### WHAT THE TASK REQUIRES
The whole listing should be retyped word for word, apart from the pictures it holds.

════

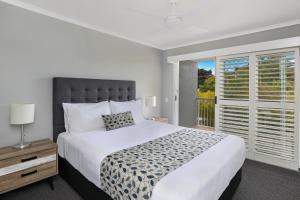 Katil atau katil-katil dalam bilik di Dockside Apartments Mooloolaba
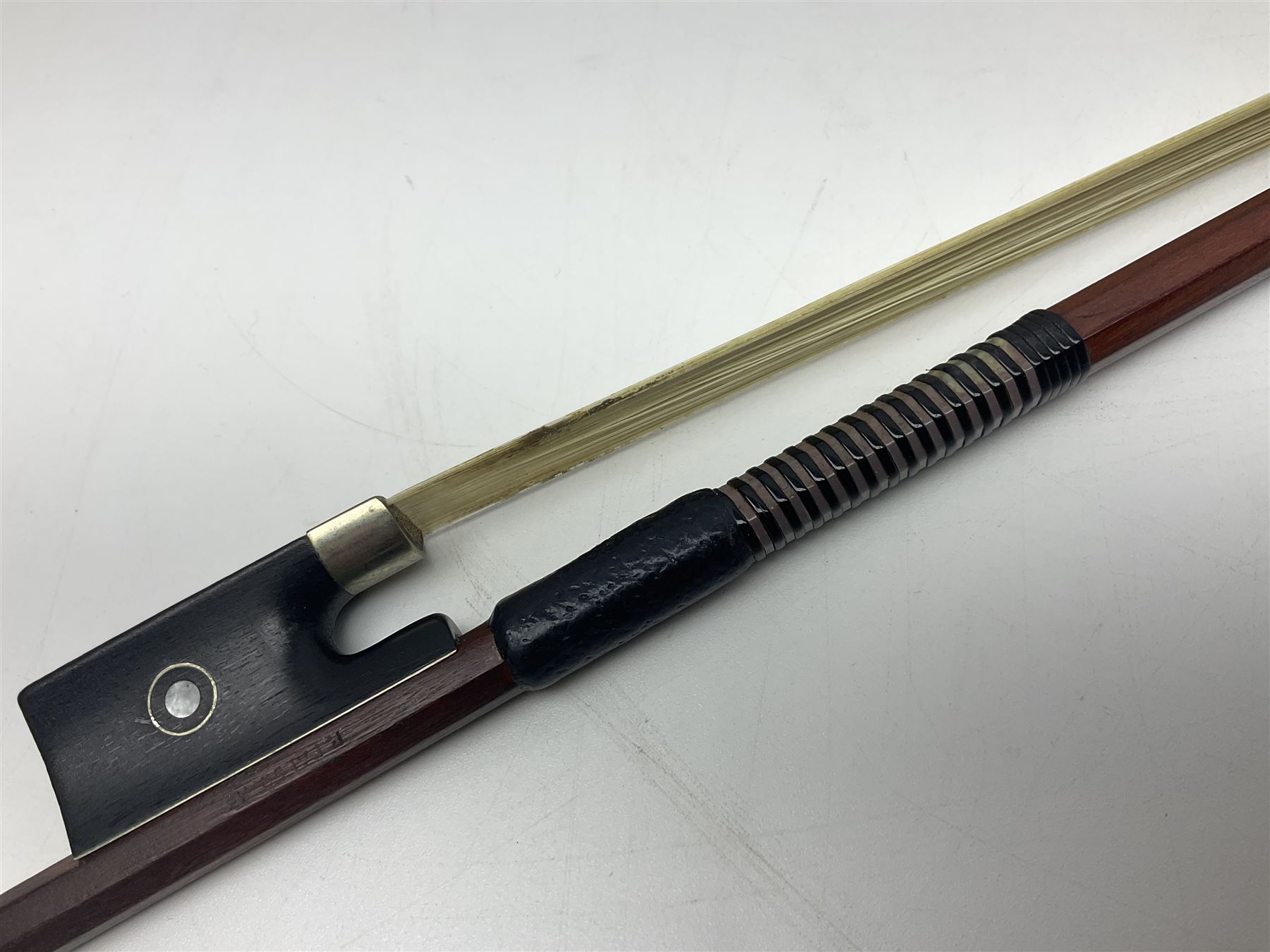 Nickel mounted pernambuco violin bow stamped R. Paesold L73.5cm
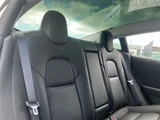 2021 Tesla Model 3 STANDARD RANGE + White Sedan for sale, Japanese used car export - photo 26 of 30 | GULJI TRADERS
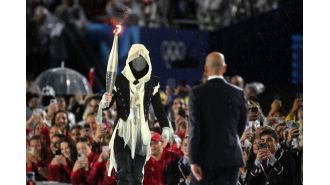 A masked torchbearer at the Olympics was disappointed when people assumed they were a man.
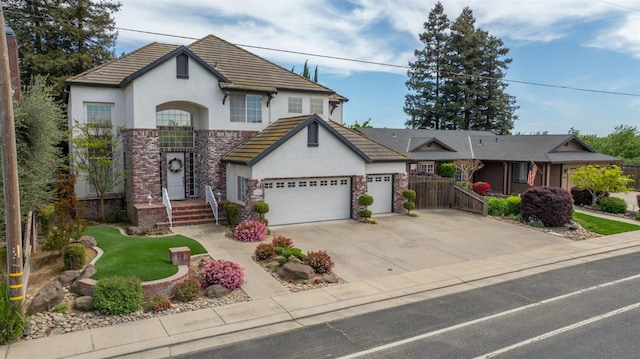 view of front of property with fence, stucco siding, a tiled roof, an attached garage, and driveway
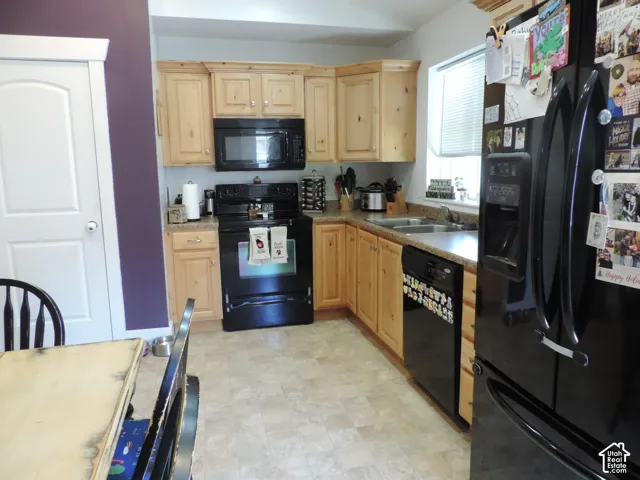 Kitchen featuring light wood cabinetry, a double basin sink, and a black appliance package including an oven and refrigerator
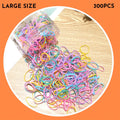 Assortment of colourful small TPU baby hair ties in a reusable plastic container.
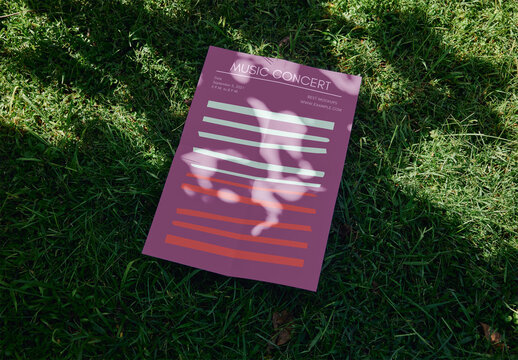Vertical A2 Poster Mockup Over Green Grass With Sunlight Shadows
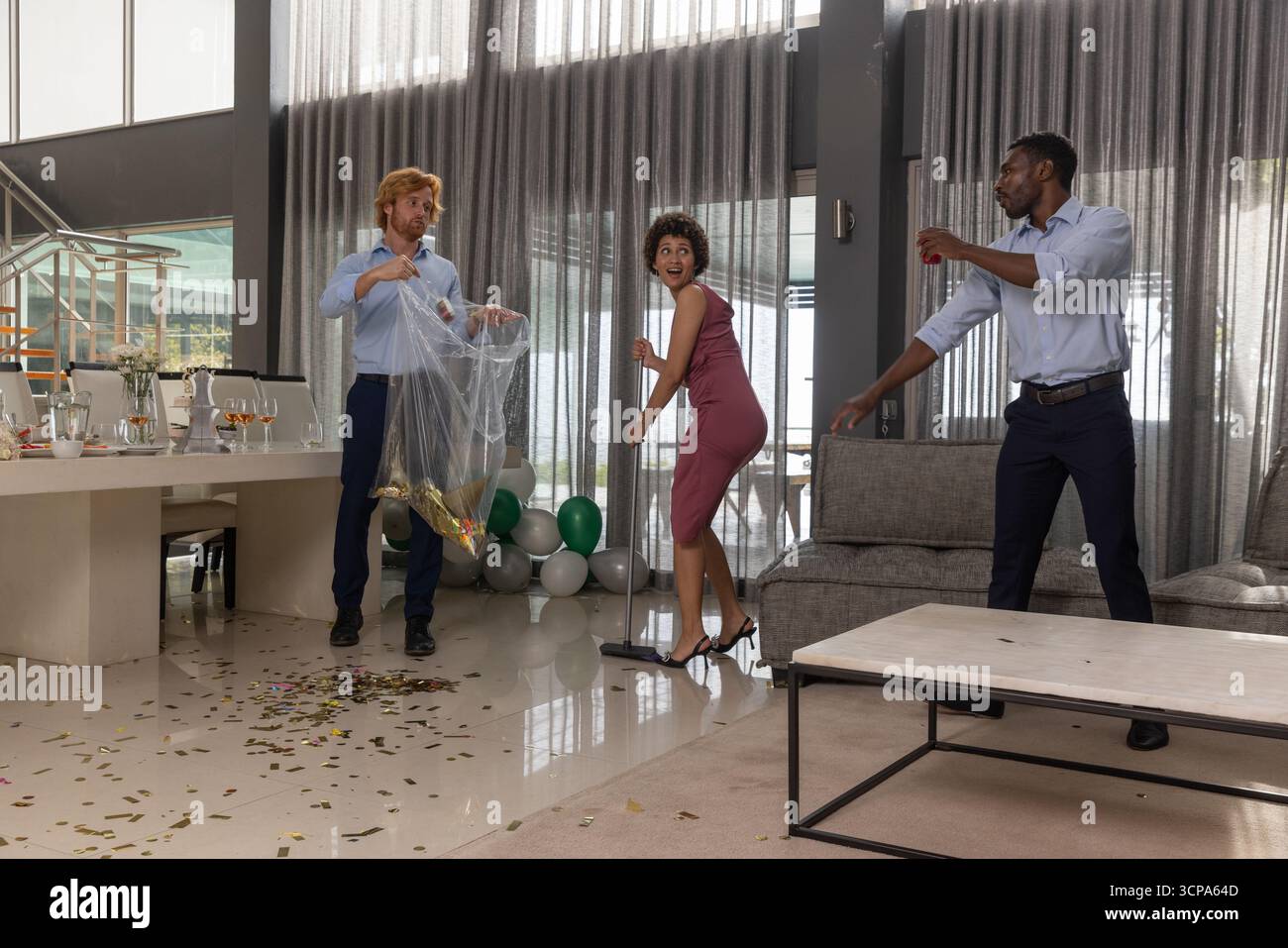 Divers amis nettoyant des confettis métalliques dans le salon moderne avec balai, sac poubelle Banque D'Images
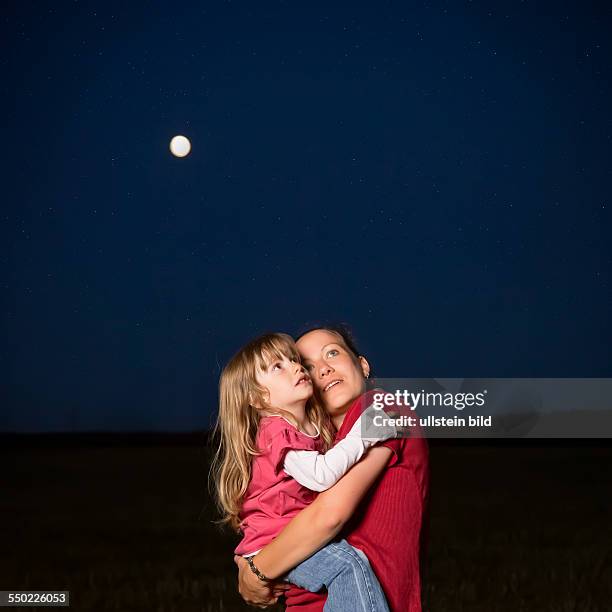 Mother, 32 years, with daughter, 4 years, looking at the stars.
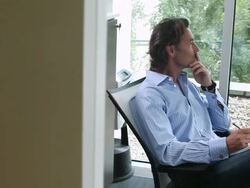 MS ZO Pensive businessman writing in notebook and  keeping feet on table  / Brussels , Brabant, Belgium Stock Footage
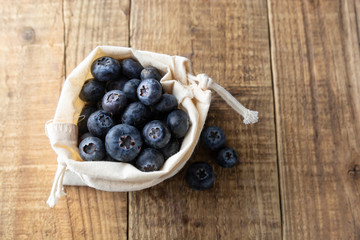 Zero waist concept, no plastic. Blueberries spilling out of a brown textile, eco bag over rustic wood table. Eco friendly berries, fruits. Bio berry.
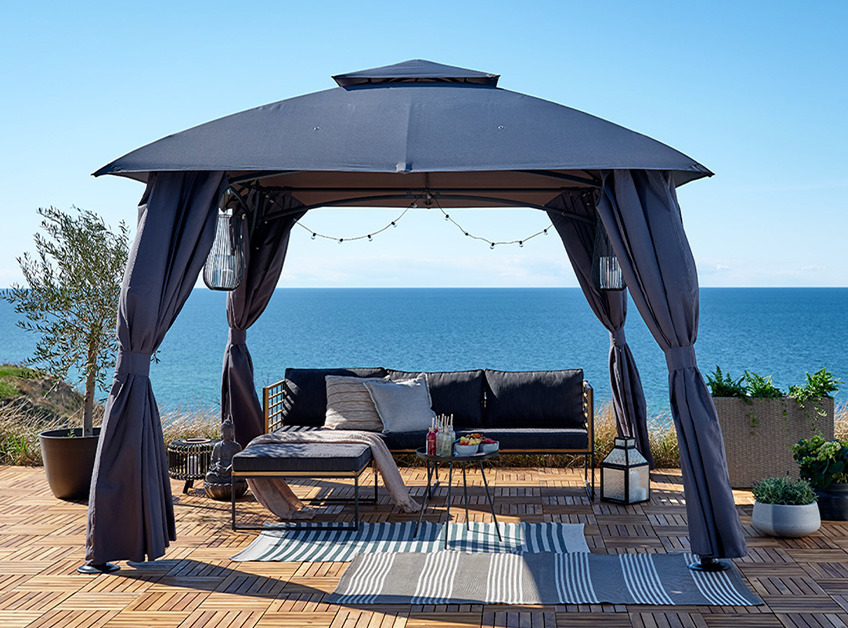 Gazebo grigio con set da salotto e decorazioni con vista sul mare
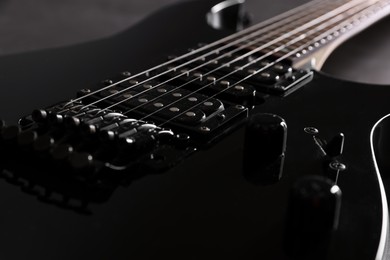 Photo of Modern electric guitar on black background, closeup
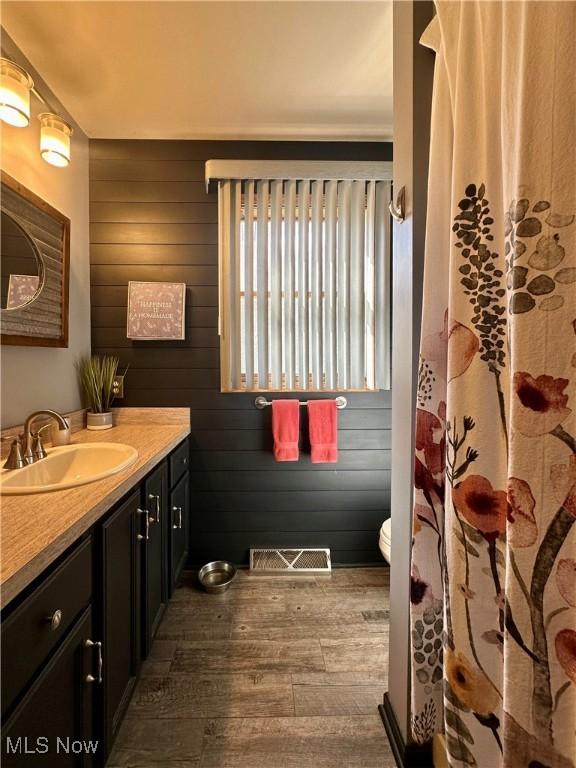 1218 Ohltown Mcdonald Rd, Mineral Ridge, OH 44440 - bathroom with wood-type flooring, vanity, and wooden walls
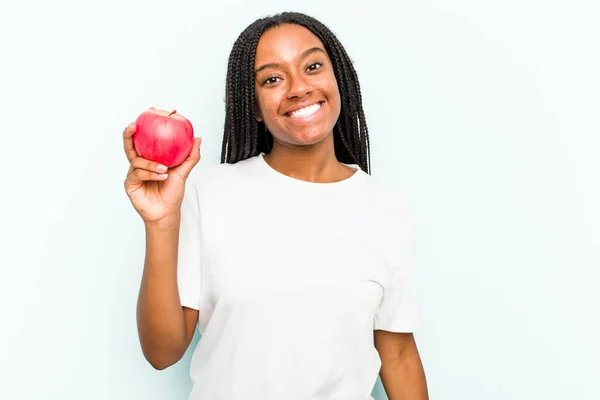Mavi Arka Planda Izole Edilmiş Bir Elma Tutan Genç Afrikalı — Stok fotoğraf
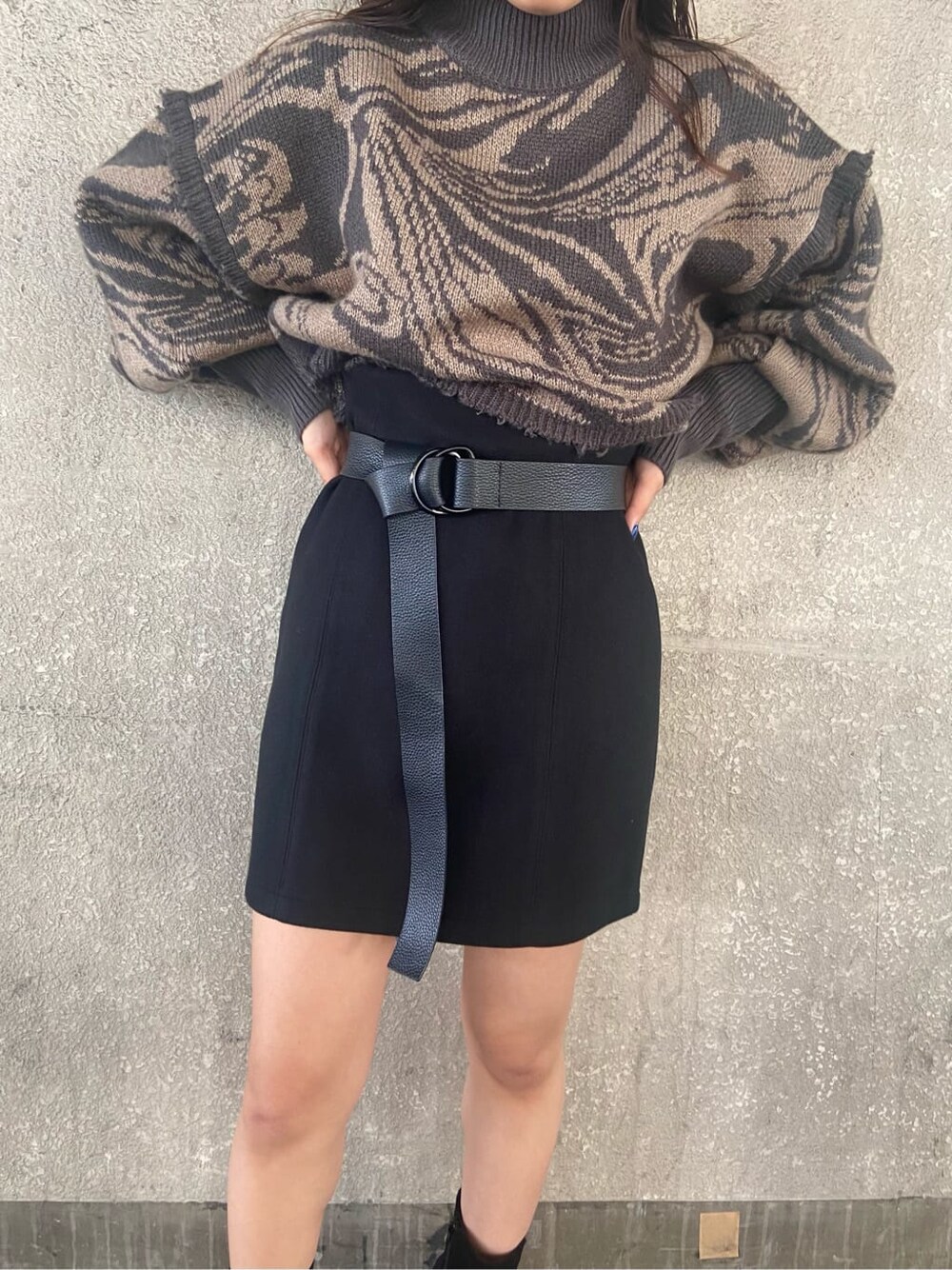 ブラック系のスカート、ブラック系のハンドバッグ、その他のニット/セーターを着用したレディースの秋コーディネートの3枚目の写真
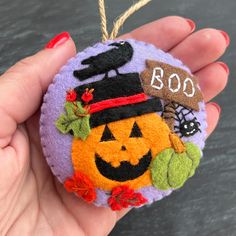 a hand holding a small ornament with a pumpkin on it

════

### RESPONSE TO THIS EXERCISE
 Katil atau katil-katil dalam bilik di Dockside Apartments Mooloolaba
 Nickel mounted pernambuco violin bow stamped R. Paesold L73.5cm
 2021 Tesla Model 3 STANDARD RANGE + White Sedan for sale, Japanese used car export - photo 26 of 30 | GULJI TRADERS
 A masked torchbearer at the Olympics was disappointed when people assumed they were a man.
 view of front of property with fence, stucco siding, a tiled roof, an attached garage, and driveway
 Kitchen featuring light wood cabinetry, a double basin sink, and a black appliance package including an oven and refrigerator
 Assortment of colourful small TPU baby hair ties in a reusable plastic container.
Vertical A2 Poster Mockup Over Green Grass With Sunlight Shadows
 Divers amis nettoyant des confettis métalliques dans le salon moderne avec balai, sac poubelle Banque D'Images
 Mother, 32 years, with daughter, 4 years, looking at the stars.
 MS ZO Pensive businessman writing in notebook and  keeping feet on table  / Brussels , Brabant, Belgium Stock Footage
 Zero waist concept, no plastic. Blueberries spilling out of a brown textile, eco bag over rustic wood table. Eco friendly berries, fruits. Bio berry.
 Gazebo grigio con set da salotto e decorazioni con vista sul mare
 Photo of Modern electric guitar on black background, closeup
 1218 Ohltown Mcdonald Rd, Mineral Ridge, OH 44440 - bathroom with wood-type flooring, vanity, and wooden walls
Mavi Arka Planda Izole Edilmiş Bir Elma Tutan Genç Afrikalı — Stok fotoğraf
 ブラック系のスカート、ブラック系のハンドバッグ、その他のニット/セーターを着用したレディースの秋コーディネートの3枚目の写真
 a hand holding a small ornament with a pumpkin on it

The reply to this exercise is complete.